Take a look at the latest gravel bike drivetrain options that are built to handle the road less traveled.
Rotor has two 1x options that both utilize their 13-speed derailleur and shifter. Even more wild is that the shifts are actuated by hydraulic fluid. For those going all-in on 13-speeds, you will need to also use their hub to accommodate all the cogs. If you would rather not switch hubs, the system can be bumped down to 12-speeds on the same shifter and derailleur. Rotor offers four cassette options for both that each top out with a 52t gear. A full group uses Magura hydro disc brakes. Don’t forget that Rotor also offers a vast lineup of cranks to choose from as well.
Unlike Campy and Shimano, SRAM has never designated any drivetrain as “gravel-specific”, but they definitely paved the way with their 1x offerings years ago. While all types of gearing options are available—1x, 2x, mechanical, electric, short cage and long cage—SRAM stands alone with the “mullet” drivetrain that mimics the low-gear capacity used on mountain bikes. Currently in the lineup is the “wide” variant of options, which includes a 2.5mm-wider offset front derailleur, as well as Red and Force rear derailleurs that accommodate the 10-36 cassette for 2x setups. Word on the street is that by summer, something “gravel-specific” might be coming down the pipe.
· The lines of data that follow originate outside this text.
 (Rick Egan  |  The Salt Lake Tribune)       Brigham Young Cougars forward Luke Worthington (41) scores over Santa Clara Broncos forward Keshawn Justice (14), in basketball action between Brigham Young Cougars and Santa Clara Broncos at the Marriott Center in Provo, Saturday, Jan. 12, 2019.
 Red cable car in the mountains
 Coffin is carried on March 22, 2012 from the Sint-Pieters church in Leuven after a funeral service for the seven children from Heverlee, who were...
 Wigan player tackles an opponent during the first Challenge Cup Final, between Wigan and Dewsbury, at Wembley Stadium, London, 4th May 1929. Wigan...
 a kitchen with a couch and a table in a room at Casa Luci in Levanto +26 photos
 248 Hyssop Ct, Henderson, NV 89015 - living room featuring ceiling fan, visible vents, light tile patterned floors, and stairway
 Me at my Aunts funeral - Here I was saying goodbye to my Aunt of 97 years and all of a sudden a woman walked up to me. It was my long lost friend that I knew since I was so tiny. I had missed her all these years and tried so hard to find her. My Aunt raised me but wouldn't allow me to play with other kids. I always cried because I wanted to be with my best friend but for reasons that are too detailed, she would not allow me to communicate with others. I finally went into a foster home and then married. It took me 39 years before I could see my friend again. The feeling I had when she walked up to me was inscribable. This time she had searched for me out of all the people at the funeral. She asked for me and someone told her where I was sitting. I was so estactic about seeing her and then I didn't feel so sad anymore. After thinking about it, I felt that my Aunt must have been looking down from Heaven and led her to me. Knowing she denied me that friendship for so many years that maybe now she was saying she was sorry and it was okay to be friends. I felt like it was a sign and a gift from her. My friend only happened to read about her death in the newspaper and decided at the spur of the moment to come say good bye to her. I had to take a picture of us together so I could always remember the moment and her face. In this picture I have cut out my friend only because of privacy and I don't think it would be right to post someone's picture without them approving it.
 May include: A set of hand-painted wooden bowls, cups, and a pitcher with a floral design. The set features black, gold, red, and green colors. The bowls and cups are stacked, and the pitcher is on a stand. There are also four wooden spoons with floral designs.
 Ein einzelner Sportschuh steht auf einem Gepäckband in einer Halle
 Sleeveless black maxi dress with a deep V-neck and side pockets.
Shimano hit the market with the first dedicated gravel drivetrain lineup under the GRX insignia. There are a few options—from 11-speed to 10-speed variants, as well as mechanical and electronic Di2 versions on 11-speed. The system closely resembles their Ultegra and 105 road parts but with slight modifications. Enlarged brake blades and wider-stance front derailleurs are the most noteworthy, as well as the addition of a gravel-specific clutch to minimize chain slap.
The world’s oldest component maker is also the newest to the gravel game with their 13-speed/1x Ekar drivetrain. Ekar features three cassette options: 9-36t, 9-42t and 10-44t. Up front there are four chainring options—38, 40, 42 and 44. The cranks also have a narrow 145.5mm Q-factor. Probably our most noted feature is the new thumb-shifter design that adds a textured element, as well as a new C-shaped, dual-position trigger to Campy’s independent dual-control layout.